Так они болтали, возвращаясь домой тихим летним вечером. Мама уехала куда-то обедать, и на столе лежали еще три приглашения на следующие дни.

— Ах, скорей бы уж будущий год! — говорила мисс Этель.

Сколько блистательных сезонов, сколько великолепных балов будет в жизни этого пылкого, исполненного надежд существа, но даже в пору наивысшего триумфа, окруженная льстецами, покорными обожателями и поверженными соперницами, она, без сомненья, не раз вспомнит тихое лето в канун своего вступления в свет и доброго старого друга, чья рука поддерживала ее, когда она была еще девочкой.

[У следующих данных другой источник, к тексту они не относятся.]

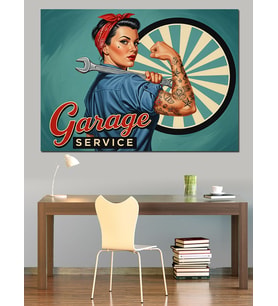 Güçlü Retro İşçi Kadın Dekoratif Kanvas - Mdf Ahşap Tablo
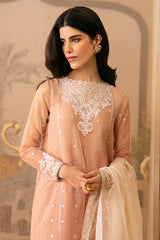 CORAL CASCADE-4 PIECE EMBROIDERED ORGANZA SUIT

Полковник приходит на Парк-Лейн в ранние часы, когда хозяйка дома кормит полдником сидящих вкруг нее малышей. Он всегда изысканно учтив с гувернанткой мисс Куигли и непременно пьет за ее здоровье, отвешивая при сем низкий поклон. Мисс Куигли находит этот поклон необычайно изящным; вот так же, наверно, кланялся и покойный государь. Своим наблюдением она взволнованно делится с горничной леди Анны, горничная сообщает барыне, та — мисс Этель, а Этель теперь внимательно приглядывается к дяде, когда он в следующий раз чокается с мисс Куигли, и посмеявшись со всеми, рассказывает ему; с той поры стоит нашему джентльмену поднять бокал за здоровье гувернантки, как оба они заливаются краской. Эти робкие приветные сигналы вспыхивают на ее бледных щеках, стоит ей завидеть полковника, когда она гуляет со своими питомцами в Парке или в вышеупомянутом скверике близ "Элсли-Хауса. Если Этель вяжет дяде кошелек, шнурок для часов, салфеточку на спинку кресла или какую-нибудь иную полезную и милую вещицу, то большую часть работы, уж конечно, делает мисс Куигли; ее подопечные давно спят, а она все сидит одиноко в классной на самом верху затихшего дома и, отодвинув подносик с остатками невеселого ужина, рукодельничает за маленькой конторкой, где хранятся письма ее матери и другие семейные реликвии.